L'article sur le calcul du loyer Pinel aborde aussi les liens entre performance énergétique et investissement locatif, si tu veux voir l'autre face du sujet.
Quel est le délai de validité d'un DPE pour une location ?
Dix ans, à compter de la date de réalisation indiquée sur le document. Exception : si des travaux importants ont été réalisés sur le logement depuis le dernier DPE (isolation des murs, changement de chaudière, remplacement des fenêtres), le propriétaire doit faire établir un nouveau diagnostic avant de remettre le bien en location. Les DPE réalisés avant le 1er juillet 2021 selon l'ancienne méthode sont, eux, devenus caducs au 31 décembre 2024 selon le décret de transition.
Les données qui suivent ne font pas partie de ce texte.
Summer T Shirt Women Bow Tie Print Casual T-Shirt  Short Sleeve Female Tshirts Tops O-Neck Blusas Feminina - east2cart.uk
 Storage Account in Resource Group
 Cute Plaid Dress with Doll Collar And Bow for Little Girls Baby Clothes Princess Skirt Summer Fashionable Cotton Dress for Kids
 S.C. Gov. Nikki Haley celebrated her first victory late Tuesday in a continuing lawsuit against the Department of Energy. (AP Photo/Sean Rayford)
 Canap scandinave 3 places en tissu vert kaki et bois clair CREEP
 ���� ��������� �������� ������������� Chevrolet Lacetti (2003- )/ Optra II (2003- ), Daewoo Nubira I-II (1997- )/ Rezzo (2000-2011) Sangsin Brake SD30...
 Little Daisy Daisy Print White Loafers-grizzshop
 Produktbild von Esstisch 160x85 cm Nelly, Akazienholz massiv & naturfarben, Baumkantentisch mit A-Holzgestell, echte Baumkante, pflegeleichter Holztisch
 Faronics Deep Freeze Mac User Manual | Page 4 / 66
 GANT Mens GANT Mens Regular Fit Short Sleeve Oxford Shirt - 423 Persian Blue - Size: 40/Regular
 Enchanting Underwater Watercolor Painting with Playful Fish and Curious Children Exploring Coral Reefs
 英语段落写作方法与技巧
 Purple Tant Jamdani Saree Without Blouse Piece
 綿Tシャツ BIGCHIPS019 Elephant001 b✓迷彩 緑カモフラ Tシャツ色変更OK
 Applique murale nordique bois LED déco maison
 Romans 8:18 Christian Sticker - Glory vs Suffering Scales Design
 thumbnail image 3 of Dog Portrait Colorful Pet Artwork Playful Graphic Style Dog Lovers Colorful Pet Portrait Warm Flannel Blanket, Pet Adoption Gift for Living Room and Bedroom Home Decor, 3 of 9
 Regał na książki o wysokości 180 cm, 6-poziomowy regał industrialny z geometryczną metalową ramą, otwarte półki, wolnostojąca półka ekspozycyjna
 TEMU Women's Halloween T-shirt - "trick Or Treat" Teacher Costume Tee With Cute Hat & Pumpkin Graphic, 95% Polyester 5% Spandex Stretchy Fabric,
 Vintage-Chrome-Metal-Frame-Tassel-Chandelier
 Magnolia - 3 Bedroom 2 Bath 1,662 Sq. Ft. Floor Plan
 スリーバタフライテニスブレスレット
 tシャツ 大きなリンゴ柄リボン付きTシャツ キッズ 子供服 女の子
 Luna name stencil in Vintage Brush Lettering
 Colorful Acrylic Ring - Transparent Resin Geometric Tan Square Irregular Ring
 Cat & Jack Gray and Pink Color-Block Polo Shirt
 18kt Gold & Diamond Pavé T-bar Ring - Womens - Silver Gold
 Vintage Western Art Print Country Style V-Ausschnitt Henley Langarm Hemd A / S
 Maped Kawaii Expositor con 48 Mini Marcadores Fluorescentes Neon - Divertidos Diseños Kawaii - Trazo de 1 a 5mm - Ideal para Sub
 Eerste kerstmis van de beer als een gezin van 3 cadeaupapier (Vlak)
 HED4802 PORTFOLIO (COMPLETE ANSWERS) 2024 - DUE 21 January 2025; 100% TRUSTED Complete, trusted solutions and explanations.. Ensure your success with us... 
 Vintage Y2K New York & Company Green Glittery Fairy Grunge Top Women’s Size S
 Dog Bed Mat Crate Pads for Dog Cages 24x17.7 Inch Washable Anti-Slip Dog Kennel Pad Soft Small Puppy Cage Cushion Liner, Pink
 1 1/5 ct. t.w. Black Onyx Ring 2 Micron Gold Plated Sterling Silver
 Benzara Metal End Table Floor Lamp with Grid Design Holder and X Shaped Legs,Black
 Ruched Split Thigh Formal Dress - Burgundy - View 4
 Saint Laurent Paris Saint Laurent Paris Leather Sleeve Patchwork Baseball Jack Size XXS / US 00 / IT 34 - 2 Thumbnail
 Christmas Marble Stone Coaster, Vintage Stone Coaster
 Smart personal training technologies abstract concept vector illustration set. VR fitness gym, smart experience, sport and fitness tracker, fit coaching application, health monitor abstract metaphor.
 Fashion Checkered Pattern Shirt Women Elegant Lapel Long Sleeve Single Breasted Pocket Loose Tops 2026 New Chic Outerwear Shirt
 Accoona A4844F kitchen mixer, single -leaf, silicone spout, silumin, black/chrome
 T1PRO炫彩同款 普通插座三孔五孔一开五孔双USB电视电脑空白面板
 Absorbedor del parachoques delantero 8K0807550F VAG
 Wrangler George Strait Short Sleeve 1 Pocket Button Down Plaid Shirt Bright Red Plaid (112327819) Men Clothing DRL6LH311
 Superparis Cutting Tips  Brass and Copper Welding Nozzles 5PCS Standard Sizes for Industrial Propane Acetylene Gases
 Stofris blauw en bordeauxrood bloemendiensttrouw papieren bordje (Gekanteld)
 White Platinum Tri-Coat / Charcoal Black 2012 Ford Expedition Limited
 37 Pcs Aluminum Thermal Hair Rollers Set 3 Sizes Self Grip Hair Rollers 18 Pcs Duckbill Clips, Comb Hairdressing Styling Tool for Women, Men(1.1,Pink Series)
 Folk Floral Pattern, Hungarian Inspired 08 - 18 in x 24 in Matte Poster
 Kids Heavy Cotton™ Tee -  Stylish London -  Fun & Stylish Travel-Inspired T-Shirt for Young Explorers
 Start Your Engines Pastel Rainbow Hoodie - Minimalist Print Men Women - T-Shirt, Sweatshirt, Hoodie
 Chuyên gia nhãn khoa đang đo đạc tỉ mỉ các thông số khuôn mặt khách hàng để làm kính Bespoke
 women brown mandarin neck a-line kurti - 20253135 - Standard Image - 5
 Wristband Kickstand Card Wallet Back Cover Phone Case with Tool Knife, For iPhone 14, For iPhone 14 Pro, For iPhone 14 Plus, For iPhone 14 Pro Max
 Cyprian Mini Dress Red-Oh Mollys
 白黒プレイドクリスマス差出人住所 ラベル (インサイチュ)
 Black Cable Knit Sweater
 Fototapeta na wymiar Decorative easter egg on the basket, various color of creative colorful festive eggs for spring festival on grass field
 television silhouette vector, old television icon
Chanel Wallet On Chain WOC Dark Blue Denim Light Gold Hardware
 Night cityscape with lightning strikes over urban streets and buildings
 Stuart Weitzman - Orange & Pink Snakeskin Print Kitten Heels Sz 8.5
Que faire si le bailleur refuse de fournir le DPE avant la signature ?
C'est un signal. Pas catastrophique en soi si le propriétaire est de bonne foi et commande le diagnostic dans l'urgence, mais un bailleur qui résiste à la demande mérite qu'on se pose des questions sur la classe réelle du logement. Tu peux légalement conditionner ta signature à la remise préalable du DDT complet, dont le DPE. Si le bail est signé sans lui, envoie un courrier recommandé dès le lendemain pour en demander la remise formelle, en citant l'article 3-3 de la loi du 6 juillet 1989. La démarche à suivre est décrite sur la fiche service-public.fr dédiée au DDT.
Le DPE compte-il pour une colocation ou seulement pour un bail solo ?
Même règle. Un bail de colocation, qu'il soit signé par un seul ou plusieurs locataires, porte sur un logement, et ce logement doit avoir un DPE valide annexé au bail. La colocation ne crée pas d'exception. Le seul cas particulier : si chaque colocataire signe un bail individuel pour sa chambre (bail de chambre meublée avec parties communes partagées), le DPE porte sur le logement entier, pas sur la chambre seule. L'article sur le bail de colocation détaille les différentes formes de contrat et ce que chacune implique pour les diagnostics.